Este novo vírus funciona ligando-se a uma etiqueta nas células que formam a barreira do cérebro. Uma vez ligado, o vírus inofensivo pode entregar o seu conteúdo para além da BHE. É como dar algum dinheiro ao segurança para ele deixar entrar alguns penetras (dos divertidos). A equipa demonstrou que o seu vírus reconhece especificamente as células cerebrais da BHE humana. Assim, embora possam existir células semelhantes noutras partes do corpo, o vírus é especificamente transportado para o cérebro, mesmo quando injetado por via intravenosa. Isto significa também que o seu vírus deve funcionar em seres humanos e não apenas em ratos de laboratório.

Entrar no clube da DH

A existência de modelos melhorados para estudar a BHE permite aos cientistas da DH compreender melhor a forma como a doença afecta a barreira e, consequentemente, quais são os convidados que, por engano, entram ou são mantidos fora da festa. É também uma ferramenta poderosa para determinar as doses dos medicamentos. Ao testar primeiro os medicamentos em mini-cérebros numa placa de Petri, os investigadores podem saber se o medicamento consegue passar pela BHE. Podem também saber qual a quantidade de medicamento necessária quando a barreira é menos selectiva, como parece ser o caso da DH.

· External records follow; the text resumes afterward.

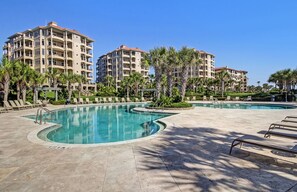 Pool - Oceanfront Condo w/Private Balcony & Marsh Views (Fernandina Beach)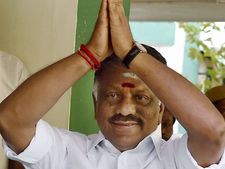 ಪನ್ನೀರ್ ಗೆ ಬಹುತೇಕ ಶಾಸಕರ ಬೆಂಬಲ, ಶಶಿಗೆ ಮುಖಭಂಗ!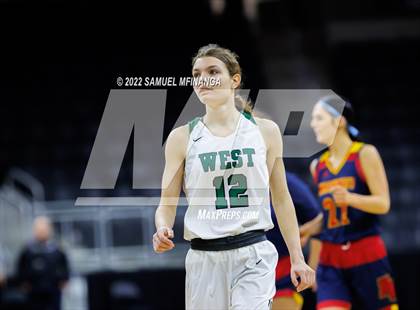 Thumbnail 2 in Millard West vs. Omaha Northwest photogallery.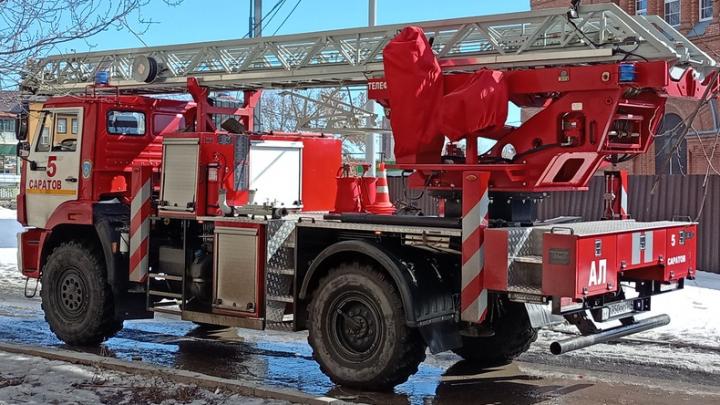 В саратовской трехтажке произошел пожар: есть погибший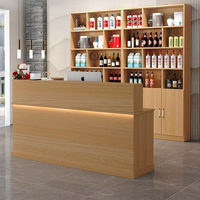 Comptoir d'accueil en bois personnalisé simple, idéal pour hall d'hôtel, bureau, restaurant, bâtiment commercial moderne.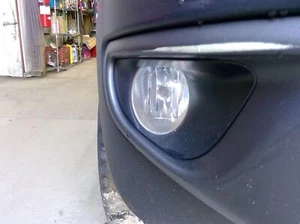 Used Driving Light fits: 2016 Jeep Cherokee Fog-Driving bumper mounted round Gra - Picture 1 of 24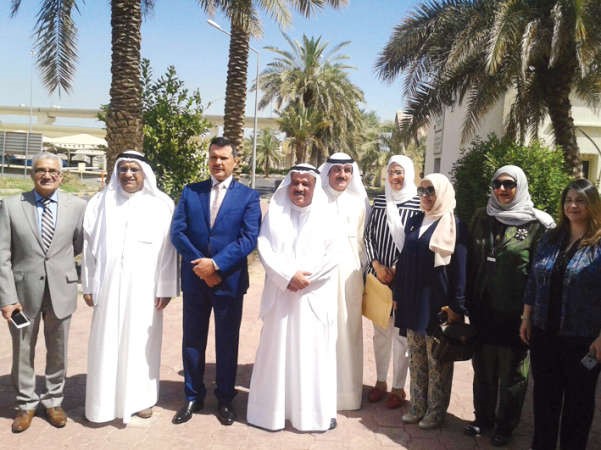 د جمال الحربي ودصلاح الشايجي وعدد من الحضور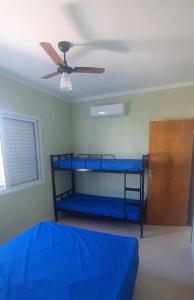 Apê com varanda gourmet em Maranduba!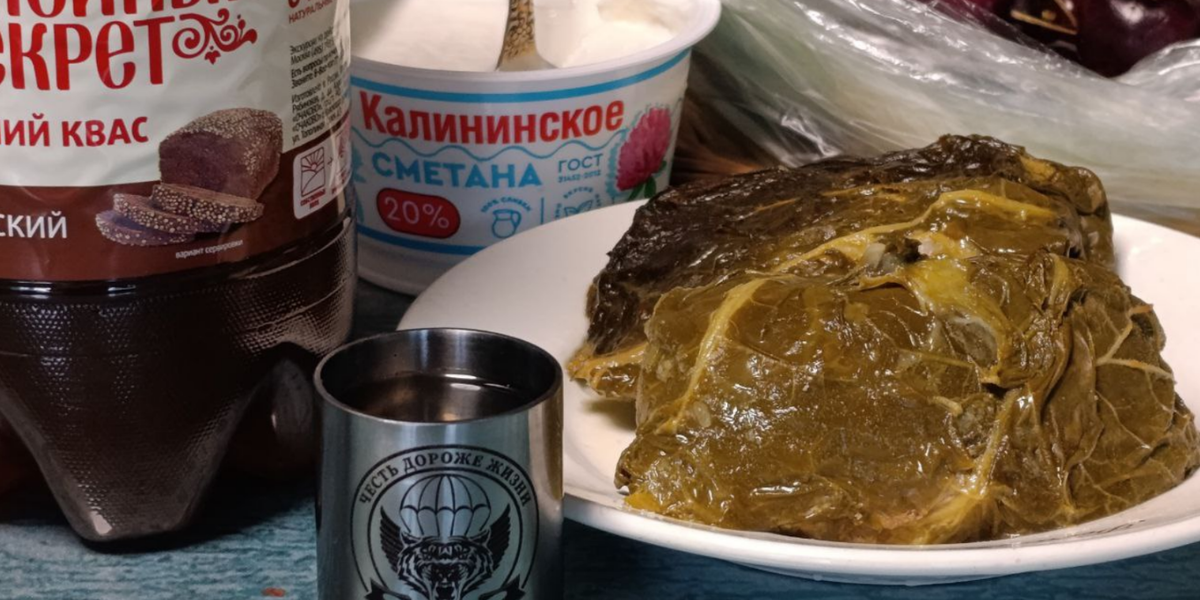 Иранское блюдо, которое не подается холодным. Долма из ревеня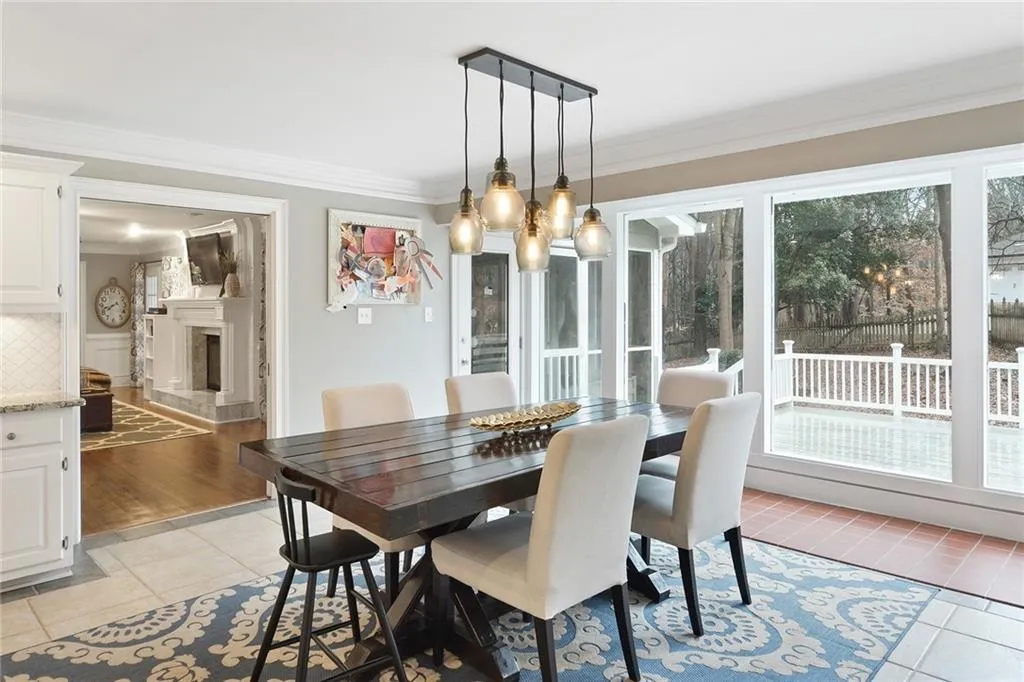 10 Serendipity Way, Sandy Springs, Georgia 30350, 4 Bedrooms Bedrooms, ,4 BathroomsBathrooms,Residential,Sold,10 Serendipity Way,6681879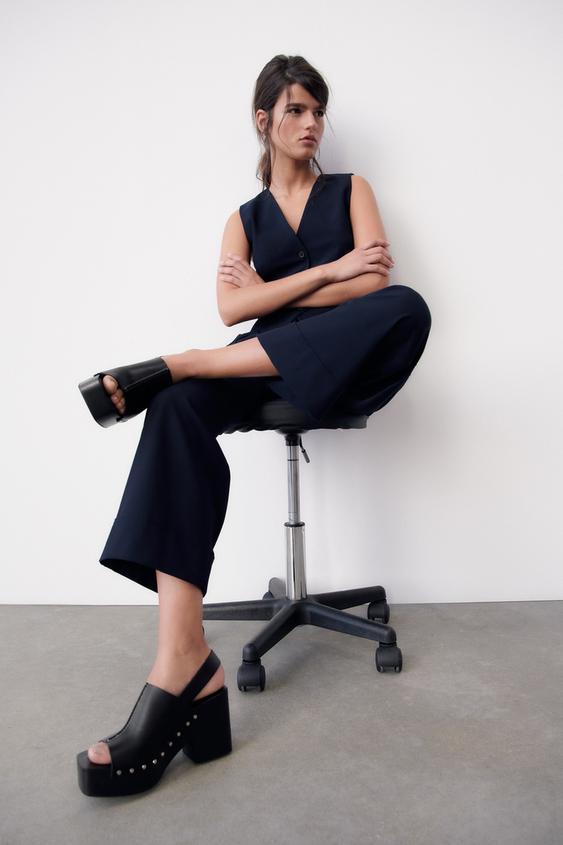ZUECO TACÓN PIEL HEBILLA - Negro | ZARA España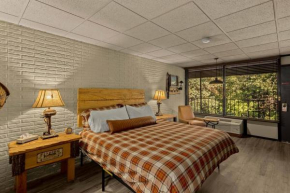 Stonegate Lodge King Bed WIFI 50 Roku TV Salt Water Pool Room #104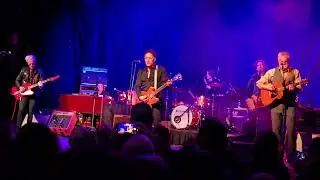The Wallflowers - 6th Avenue Heartache (live)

O desenvolvimento e o aperfeiçoamento de vírus capazes de transportar medicamentos para além da BHE podem conduzir a um grande salto em frente na forma como os medicamentos são administrados. No caso da DH, a uniQure está atualmente a testar um vírus que tem de ser injetado diretamente no cérebro através de uma cirurgia para que o seu conteúdo seja libertado. Com as novas iterações de vírus, a esperança é que um dia essas terapias genéticas possam ser administradas por via intravenosa.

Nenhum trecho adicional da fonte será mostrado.